By leveraging AI/ML libraries that are part of E4S, users benefit from:

Portability and performance: E4S ensures compatibility with DOE leadership-class systems and major hardware platforms (NVIDIA, AMD, Intel, ARM).
Interoperability: AI/ML frameworks integrate with high-performance data and math libraries, facilitating hybrid workflows that combine simulation and learning.
Reproducibility: E4S provides well-tested, versioned, and build-cached environments, simplifying deployment across HPC facilities.
Extensibility: The ecosystem supports emerging AI models, scientific surrogates, and domain-aware learning frameworks built by national labs and research partners.

E4S thus bridges the growing intersection between traditional simulation-based computing and modern AI-driven workflows.

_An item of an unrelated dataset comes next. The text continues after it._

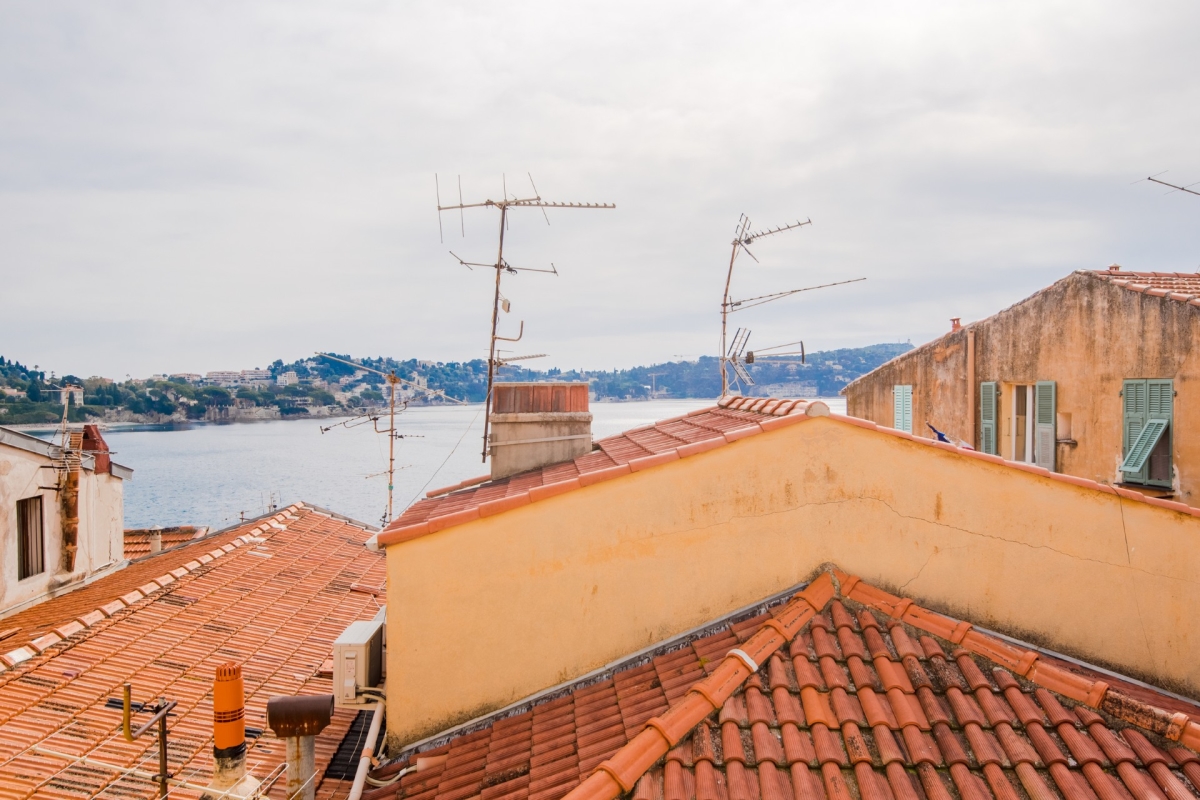 Appartement de luxe à vendre à Villefranche-sur-Mer, 725 000 €, Photo 1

Industry-Standard AI/ML Products Supported in E4S

Product	Description	Website
TensorFlow	Widely used deep learning framework supporting CPUs, GPUs, and TPUs, integrated with Python and C++ APIs	https://www.tensorflow.org
PyTorch	Popular deep learning framework with dynamic computation graphs and strong GPU support	https://pytorch.org
ONNX	Open Neural Network Exchange format enabling model interoperability across frameworks	https://onnx.ai
Horovod	Distributed deep learning training framework for TensorFlow, PyTorch, and MXNet	https://github.com/horovod/horovod
scikit-learn	Classical machine learning library for Python, featuring regression, classification, and clustering	https://scikit-learn.org
XGBoost	Gradient boosting framework for scalable supervised learning	https://xgboost.ai
LightGBM	Gradient boosting framework optimized for performance and memory efficiency	https://lightgbm.readthedocs.io

Emerging Scientific AI/ML Products

Product	Description	Website
TorchSWE	Torch-based shallow water equation solver demonstrating physics-informed AI for PDEs	https://github.com/torchswe/torchswe
Modulus	NVIDIA-supported framework for physics-informed neural networks (PINNs) and operator learning	https://developer.nvidia.com/modulus
Colmena	Toolkit for steering AI-driven campaigns and adaptive sampling in HPC environments	https://github.com/exalearn/colmena
DeepHyper	Scalable hyperparameter optimization and neural architecture search framework for HPC systems	https://deephyper.readthedocs.io
SmartSim	Orchestration framework for coupling AI/ML models with HPC simulations	https://www.craylabs.org/docs/smartsim
AI4S (AI for Science) Tools	DOE-developed toolkits for applying machine learning to scientific simulations and experiments	https://ai4science.energy.gov
Maestro Workflow	Workflow manager enabling AI-driven orchestration and resource coordination	https://github.com/LLNL/maestrowf

Vendor-Provided AI/ML Tools from NVIDIA, AMD, Intel, and ARM

Vendor	Product	Description	Website
NVIDIA	cuDNN	GPU-accelerated primitives for deep neural networks, used by TensorFlow and PyTorch	https://developer.nvidia.com/cudnn
NVIDIA	TensorRT	Inference optimizer and runtime for high-performance deep learning inference	https://developer.nvidia.com/tensorrt
AMD	MIOpen	Deep learning primitives library optimized for ROCm GPUs	https://rocmdocs.amd.com/projects/miopen
AMD	ROCm AI Stack	Integrated AI software stack including PyTorch and TensorFlow with ROCm backend	https://rocmdocs.amd.com/en/latest/
Intel	oneDNN	Deep Neural Network Library optimized for Intel CPUs and GPUs	https://github.com/oneapi-src/oneDNN
Intel	OpenVINO	Toolkit for optimizing and deploying AI inference across Intel devices	https://www.intel.com/openvino
ARM	Compute Library	Optimized AI and computer vision functions for ARM-based architectures	https://developer.arm.com/solutions/machine-learning-on-arm/developer-material/compute-library

Summary

E4S’s integration of AI/ML tools complements its strong foundation in numerical, performance, and I/O libraries. By combining domain-tested HPC libraries with industry-standard and emerging AI frameworks, E4S enables the next generation of hybrid simulation–AI workflows that are portable, scalable, and sustainable across future exascale and AI-accelerated systems.